My program grabs a 6.4 megapixel RAW data buffer off a specialist astronomical camera which is capable of delivering 25 fps at 3096px x 2080px. This stream is then debayered, in realtime, by using a high quality linear interpolation debayering algorithm. I know that a HQ linear interpolation debayering algorithm is always going to be computationally heavy but there are other areas of my program that I would like to speed up.
Once the stream has been debayered, I need to convert the RGB buffer (created from debayering) into a RGBA buffer because it's my understanding (proven by profiling) that GPUs operate more efficiently on RGBA pixel buffers.
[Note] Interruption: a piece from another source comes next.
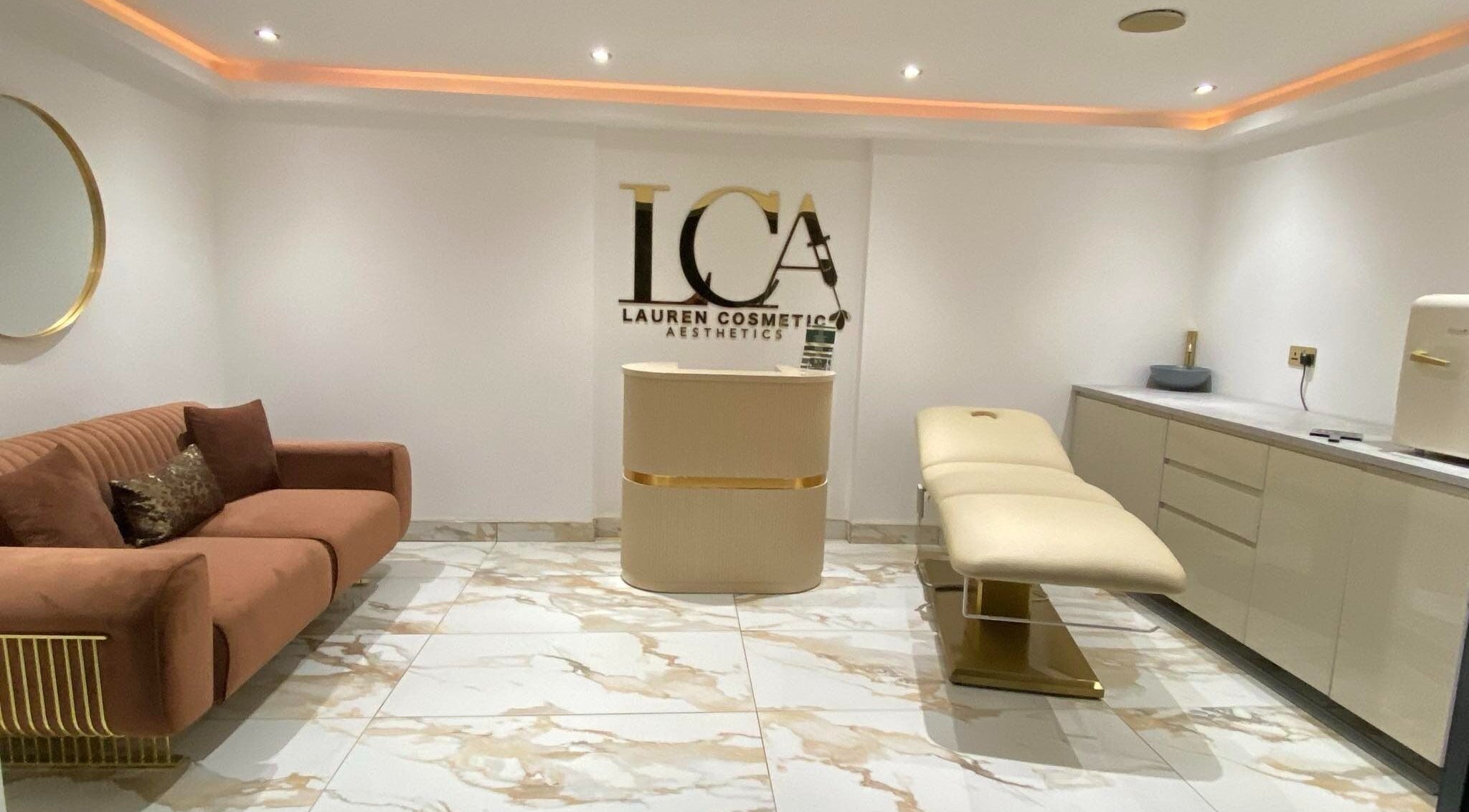 Luxurious spa room at Lauren Cosmetic Aesthetics in Wigan, England, GB with modern decor and plush seating.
However, I'm happy to stand corrected on this.
Initially, I wrote a very simple for loop (below) which, of course, yielded dreadful results.
// both buffers have uint8_t elements
for(int n = 0, m = 0; n < m_Width * m_Height * 4; n+=4, m+=3)
{
m_display_buffer[n] = in_buffer[m];
m_display_buffer[n+1] = in_buffer[m+1];
m_display_buffer[n+2] = in_buffer[m+2];
m_display_buffer[n+3] = 255;
}
The above code gave me a frame rate of 13 fps. My next experiment was to initialise the buffer with all elements equal to 255 and then use the following code:
uint8_t *dsp = m_display_buffer;
uint8_t *in_8 = (uint8_t*) in_buffer;
for (int n = 0; n < m_Width * m_Height; n++)
{
*dsp++ = *in_8++;
*dsp++ = *in_8++;
*dsp++ = *in_8++;
*dsp++;
}
The above code significantly sped up the loop; now achieving 23.9 fps running on an i7-7700 laptop. However, running this code on older machines still gives very disappointing frame rates. I know that older machines struggle with debayering but profiling clearly shows that converting to an RGBA buffer is causing significant problems.
I have read that it might be possible to use SSE intrinsics to do this much more efficiently, however, I have zero experience with SSE intrinsics.
I've tried many SSE examples found online but cannot get it to work. I would therefore be grateful if somebody experienced with SSE would be able to help me with this problem.
I cannot target SSE any higher than 2 or possibly 3 because my software might be run on much older hardware.
I would be grateful if somebody would be able to point me in the right direction.